One of the five teenagers locked inside a police van for about 15 hours without food or water in March 2011 is suing the borough, the Police Department and more than a dozen officers.

According to the complaint, [Adam] Kim, then 17, was one of about a dozen minors transported to police headquarters after officers broke up a loud house party on Arcadian Way in March 2011. The minors were not advised of their Miranda rights or told why they were being arrested, the complaint stated.

The plaintiff alleges that the officers “displayed a pattern of racial bias and/or indifference” by using a racial slur to reference Asian-Americans.

The cops claim that there was no racial animus.  They just forgot that they had put the five teens in the van. Oops.  And Internal Affairs agreed.

But the internal-affairs investigation found no evidence of “malicious or discriminatory intent” by the officers, the head of the department’s internal-affairs unit wrote in his findings.

Somehow, it must have slipped through the crack investigator’s fingers that not only were the teens left in the van in the first place, but remained there, without food, water or toilet facilities, and after having their cellphones seized, while cops returned to the van and went for a ride.

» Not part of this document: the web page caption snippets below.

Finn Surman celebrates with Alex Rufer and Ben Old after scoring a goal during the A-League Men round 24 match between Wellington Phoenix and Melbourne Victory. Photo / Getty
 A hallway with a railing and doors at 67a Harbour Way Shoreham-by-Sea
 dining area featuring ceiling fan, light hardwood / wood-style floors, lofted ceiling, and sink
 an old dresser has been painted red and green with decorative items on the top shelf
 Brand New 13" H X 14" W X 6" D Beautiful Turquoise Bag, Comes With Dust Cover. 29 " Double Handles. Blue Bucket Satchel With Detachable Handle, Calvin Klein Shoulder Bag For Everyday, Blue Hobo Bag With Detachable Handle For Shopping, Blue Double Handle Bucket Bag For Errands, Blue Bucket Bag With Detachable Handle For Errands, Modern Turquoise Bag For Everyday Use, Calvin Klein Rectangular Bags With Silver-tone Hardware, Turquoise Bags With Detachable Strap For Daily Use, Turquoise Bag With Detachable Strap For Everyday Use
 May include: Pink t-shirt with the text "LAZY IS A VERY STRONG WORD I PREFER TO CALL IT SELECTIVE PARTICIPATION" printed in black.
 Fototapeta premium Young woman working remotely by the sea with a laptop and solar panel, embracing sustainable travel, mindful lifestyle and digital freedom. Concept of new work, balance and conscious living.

Upon arriving at police headquarters, some of the teens were led inside the building. The remaining handful — mostly of Asian descent, and all of whom had their cellphones confiscated — were kept locked in the van and weren’t acknowledged when two officers returned to the vehicle later to respond to a couple of calls before they took the van back to police headquarters, the suit said.

Not until 3 p.m.. the next day, when some passers-by noticed the teens in the van and called the police, were they let out of the van.

Not to attribute excessive insight or attentiveness to the Ft. Lee police, but the idea that they simply forgot about the five teens held inside the van is utter nonsense. They were teaching these kids a lesson, cop-style, and there is no way they forgot about them.  None.

Whether this reflects racial bias against Asians, or perhaps something about rowdy boys, isn’t clear.  That cops used a racial slur doesn’t necessarily prove the point, as most hate all citizens and merely slip unconsciously into the use of slurs without putting enough thought into it to make it count.  That’s not a good thing, by the way, and reflects the hostility toward all citizens that cops seem to show when serving and protecting.

But regardless of their motivations, this is something that police can neither do, nor excuse.  These were teenagers.  So they were too loud at a house party?  Read them the riot act and remind them that their conduct impacts others.  Not tough enough?  Then arrest them lawfully for disturbing whoever. But under no circumstances do you execute sentence by leaving them locked in a van. 

And claiming that they were merely forgotten is utter baloney. compounding the wrong of doing so with the wrong of lying about it.  This time, “I forgot” won’t work, and the fact that the Ft. Lee Internal Affairs put its seal of approval on this obvious lie adds to the disgrace.